▶ **Working data**:
#####

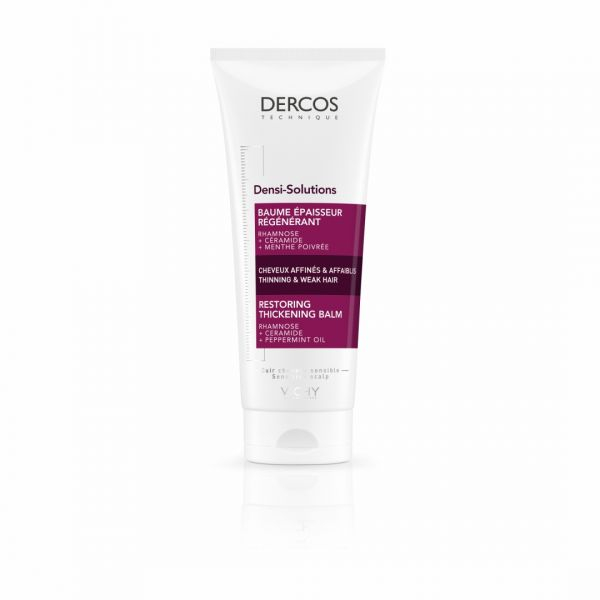 Dercos Technique Densi-Solutions Après-shampooing 200ml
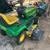 2006 LX 277 John Deere mower 2 thumbnail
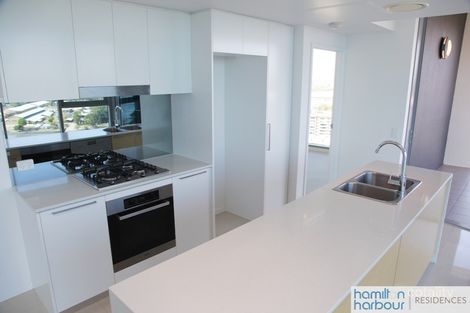 Property photo of 11407/8 Harbour Road Hamilton QLD 4007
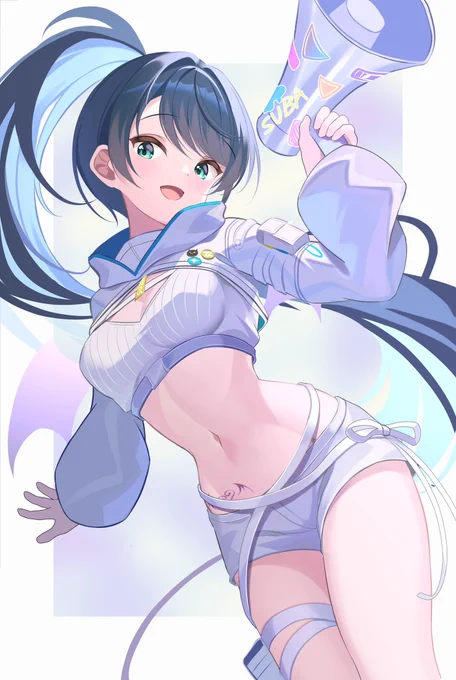 #お盆休みはフォロワーが増えるらしいいーや? 
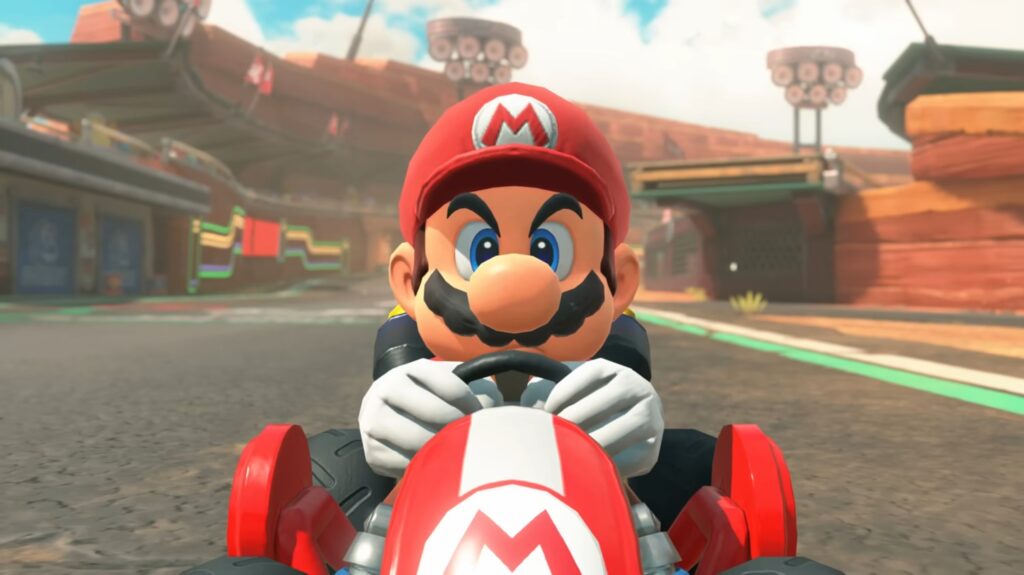 A Nintendo elmagyarázta, miért kerül 80 dollárba a Mario Kart World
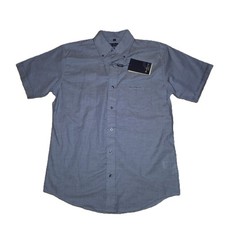 Ben Sherman Oxford Shirt Short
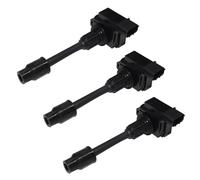 Car Ignition Coil, Ignition Coil, For Nissan, For Maxima 01-00 V6-3.0L Ignition Coil 224482Y001 224482Y000 Right Car Spark Coils 224482Y010 MCP2840 Car Ignition Coil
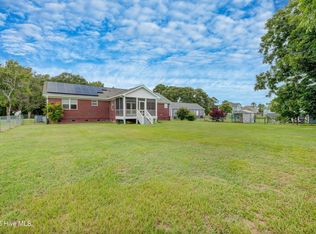 6230 Bethel Rd SE, Southport, NC 28461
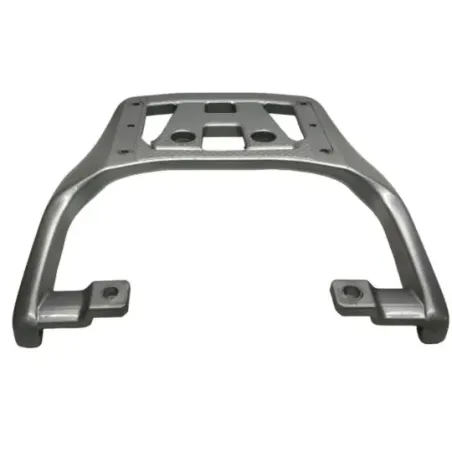 Porte paquets arriere HONDA XL V 125 2007-2013 VARADERO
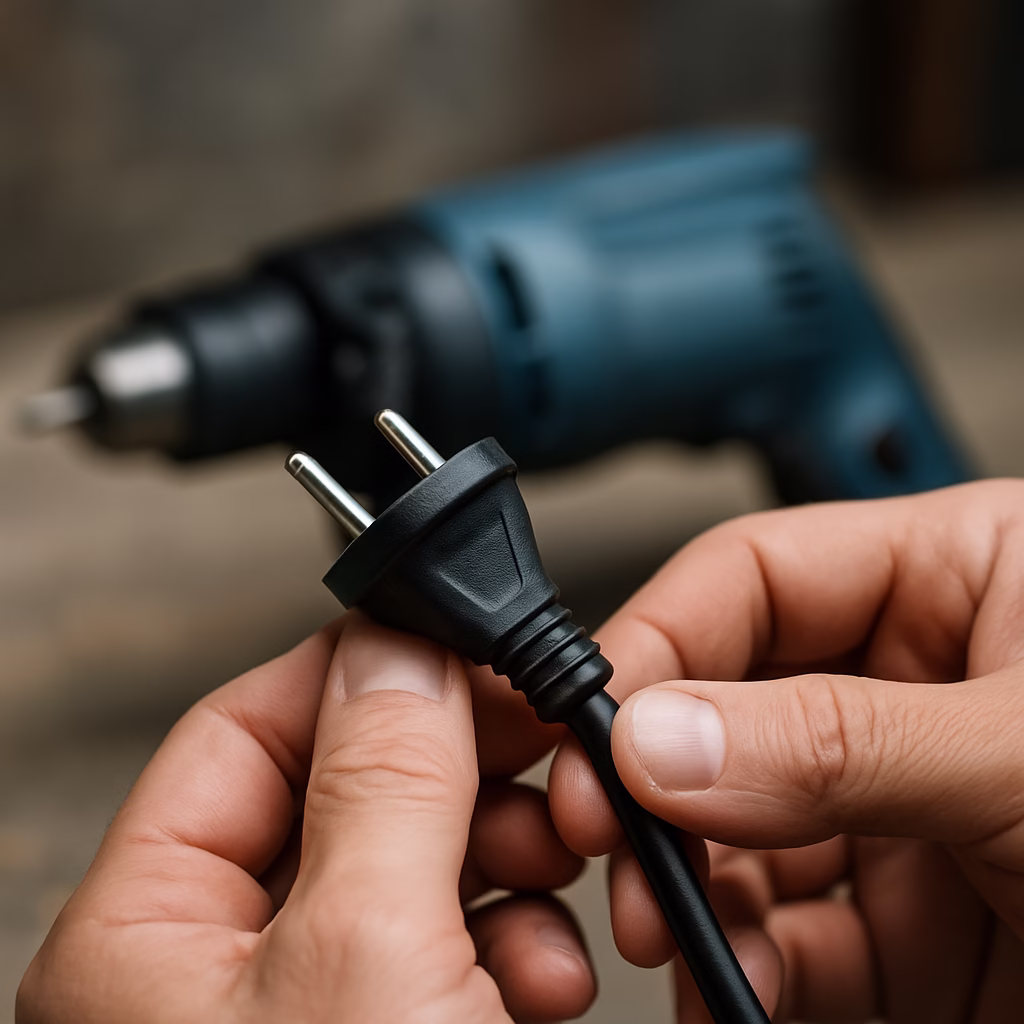 راهنمای کامل نگهداری و عیبیابی دریل؛ از سرویس دورهای تا رفع مشکلات رایج نگهداری و سرویس دوره ای دریل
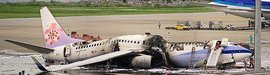 中华航空120号班机空难_360百科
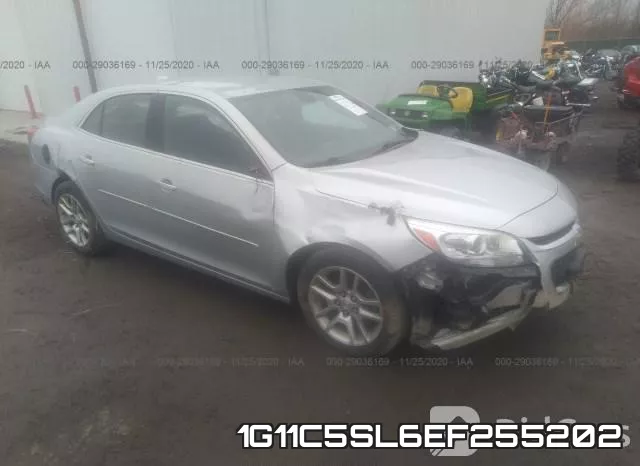 1G11C5SL6EF255202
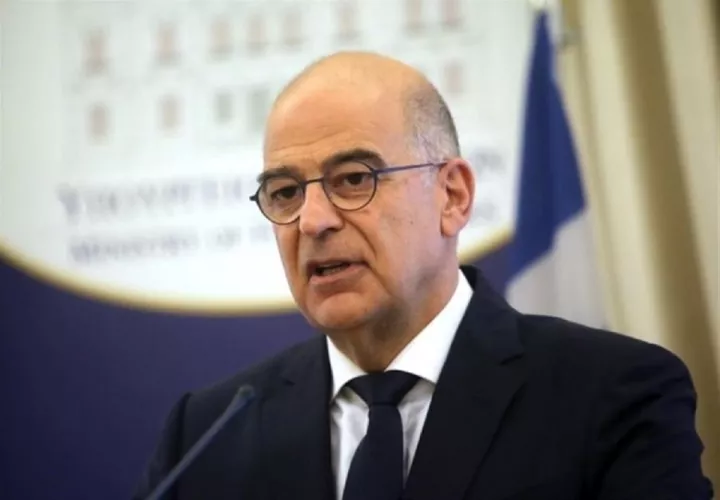 Ν. Δένδιας: Οι ΗΠΑ αναγνωρίζουν τη στρατηγική θέση της Ελλάδας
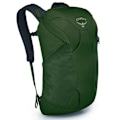 Miniatyrbillede 1 af 3: Osprey Rygsæk Farpoint Fairview 15l Grøn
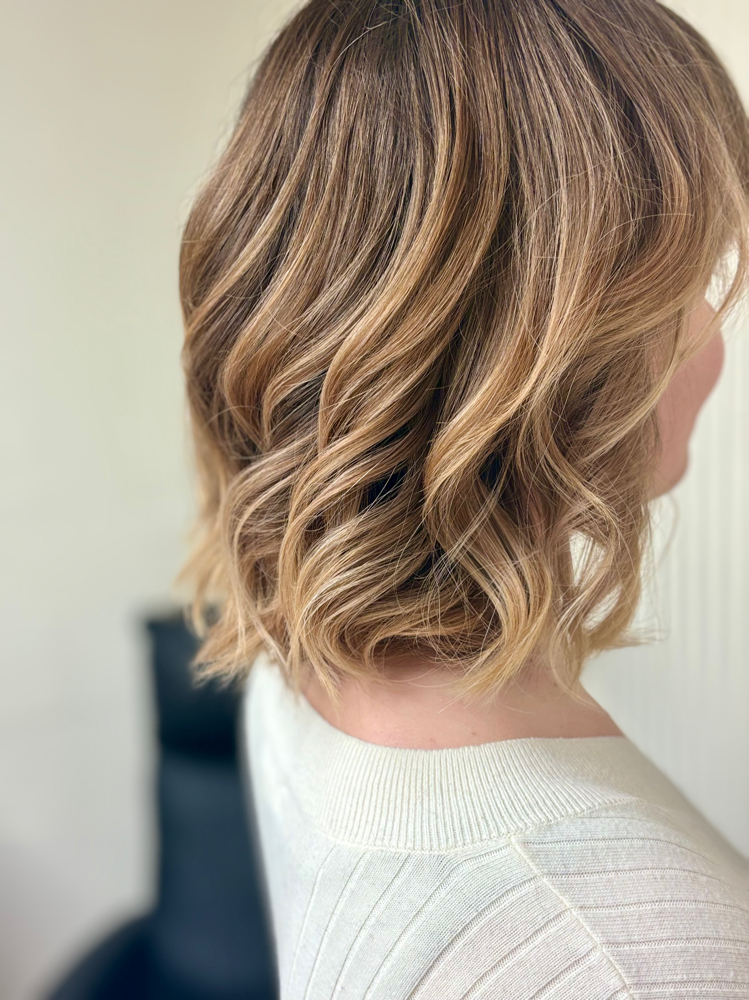 Womens Haircut at Legacy Beauty Co in Bend, OR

#####

▶ **Aim of the task**: Which lines run from the one containing "Porte paquets arriere" to the end of the data above? Set down those lines exactly, and only those, without any pictures.

▶ **Output**:
 Porte paquets arriere HONDA XL V 125 2007-2013 VARADERO
 راهنمای کامل نگهداری و عیبیابی دریل؛ از سرویس دورهای تا رفع مشکلات رایج نگهداری و سرویس دوره ای دریل
 中华航空120号班机空难_360百科
 1G11C5SL6EF255202
 Ν. Δένδιας: Οι ΗΠΑ αναγνωρίζουν τη στρατηγική θέση της Ελλάδας
 Miniatyrbillede 1 af 3: Osprey Rygsæk Farpoint Fairview 15l Grøn
 Womens Haircut at Legacy Beauty Co in Bend, OR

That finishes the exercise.